高所にある基地の静止衛星は、非常に高速で自転しています。そこからエレベーターで降りると、エレベーターの自転速度は地球までの距離に反比例してどんどん速くなります。
それに比べて、軌道ケーブル自体は地球までの距離に比例した速度で自転しています。
地表に付く頃には、軌道はそんなに自転していないのに、エレベーターの方は恐ろしい程の高速で、東に向かって移動することになります。
逆に、地上からエレベーターで上昇すると、エレベーターはゆっくりとしか自転していないのに、軌道や基地は恐ろしい速さで自転しています。
この様に、エレベーターと軌道の自転速度の不一致を解消しなくてはなりません。
また、静止衛星からケーブルを地上に降ろし、軌道を作る際にも困難が伴います。ケーブルを下すほど、上記のとおりケーブルが速い速度で自転し東の方向へ行ってしまうので、真っすぐ下には降ろせません。

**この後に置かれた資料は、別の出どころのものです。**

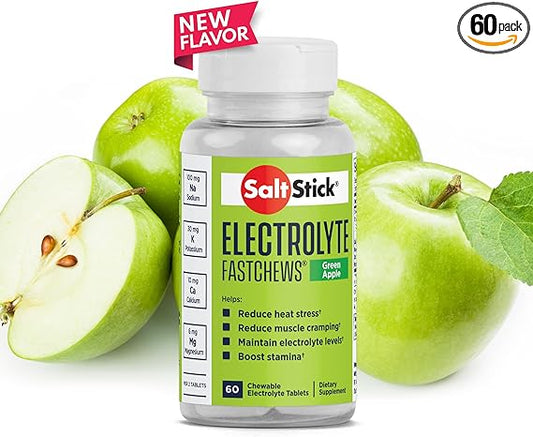 SaltStick FastChews Chewable Electrolyte Tablets | 60 Green Apple Electrolyte Chews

以上の困難を解決する具体的手段が確立されていないので、軌道エレベーターはまだ「構想の段階」です。
以上の内容を、数式を使って説明します。
ケプラーの第二法則は「太陽と惑星が一定時間に移動した軌道を結ぶ扇形の面積Sは一定である」と表現します。
これは「角運動量保存の法則」から導くことが出来ます。
角運動量a=mrv (m=回る物質の質量・r=回転する円の半径・v=回転速度)
です。この運動量が一定になります。
つまり、惑星の公転半径を半分にすると回転速度は2倍になります。これで
角運動量=m×r/2×2v=mrv=一定
となります。
この仕組みにより、軌道エレベーターで下降すると、エレベーターの自転速度は地表の速度より速くなり、上昇するとエレベーターの自転速度は基地衛星よりも遅くなるのです。
同じ理で、静止衛星からケーブルを降ろしても、ケーブルはどんどん公転速度を増すのです。ですから、軌道を作ることは容易ではありません。
では、実際の数値を使って説明します。
静止衛星の公転速度は秒速約3Kmです。そして静止衛星は、地球の中心から地表までの距離の約6倍の高度を回っています。
ですから、静止衛星からものを、下からワイヤーで引っ張って、地表に降ろすと、その公転速度は6倍の秒速18qとなります。
それに対して、地球の公転速度は赤道上でも秒速約500mです。この数値から、軌道エレベーター実現の困難さが実感できます。